Tammy Rondalain Fields
Posted June 28, 2019, 12:58 pm
Hi, I’ve been getting cervical and lumbar injections here in Indiana for 19 years. My doctor is a pain management/ anesthesiologist. My question is, what should I do the day or after an injection? What are any warning signs if any days after? Thank you for any assistance you can provide.
jim
Posted June 28, 2019, 1:19 pm
Our apologies, but we are not able to offer medical advice beyond what can be read in our published articles. We wish you the best.
Melissa
Posted July 3, 2019, 11:24 am
I had a cervical injection for a ruptured disc in my neck several months ago. About a month or 2 after the injection my skin started burning & severely itching when i would get hot, just before a sweat. No hives, whelps, bumps, nothing, just the feeling. I told my pain management Dr. about it. They suggested I might be starting with SHINGLES!! That never happened. My question is, have you heard of this happening in any on your studies? If so, please, please, I am so very miserable, what can I do to stop it.
RodButler
Posted July 18, 2019, 2:11 pm
Is there any evidence of steroid epidural injections may cause eye damage? A neuroopthomologist diagnosed a friend with vision damage and suspects the steroid epidural procedure as a likely cause because of body sensitivity to steroids causing this side effect.
Laurie
Posted September 7, 2019, 7:02 am
I am a glaucoma suspect who has lost field vision due to these injections. I think the pain clinics are moneymakers for the hospitals and a way to decrease dependence on opioids. No follow up to see how I was feeling was ever done after the injection. I was never advised to have my eye pressure and vision checked. A sizable percentage of patients develop steroid inducted glaucoma and the pain clinic either do not know or care.
Jen
Posted October 18, 2019, 12:46 pm
I have a cervical epidural scheduled for Nov 6, and after reading these posts I’m seriously considering cancelling it.

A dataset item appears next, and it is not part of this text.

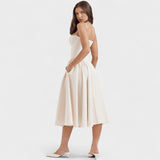 Emma - Das Kleid mit Korsett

My C6 (anterior tubercle) was fractured in an auto accident back in April. I have had headaches that start at the base of my neck and travel up the back of my head to my forehead and temples. My PA at Resurgens says the CESI is the only thing that can help, since PT wasn’t much help. I’m scared after reading this article though and don’t know what to do.
Stephanie Wolfram
Posted November 2, 2019, 11:32 pm
Jen, sorry to hear, sounds familiar, but these injections are not your only option. I’m looking into homeopathy. For migraines & fibromyalgia &_nerve pain. They look at your whole body and mind for a holistic treatment. Best of luck
Cheri WALKER
Posted December 20, 2019, 9:35 pm
Dont do it. I suffer from c5,c6,c7 damage causing both arms to go numb and constant headaches. I just had an injection at c6 and when i COUGH it feels like my spine is dislocating. Pain across my back from shoulder to shoulder and neck bulge feels twice bigger to where i can barely turn my head of lay down comfortably
John
Posted January 15, 2020, 3:38 pm
Hi I had a eperderal steroid injectionfor c5-c7I was sent to the hospital for 10 days,I couldn’t walk the first 4 days,one doctor said it was a bad reaction to lidocaine,which I’ve had 4 injections before this so that couldn’t be it,then another doctor said my spine was irritated and nicked,could anyone explain and let me know what you think,the doctors are so worried about the doctor that gave the injection,more the what’s wrong with me.i can not get a straight answer.
Victoria L Bankston
Posted January 22, 2020, 7:14 am
I am a 58 yr old female. Have had C4-5 fusion @ 16. And cadaver bone w/plate & screws@ C5-6 in 2016. Now they want to do ECI at C6-7.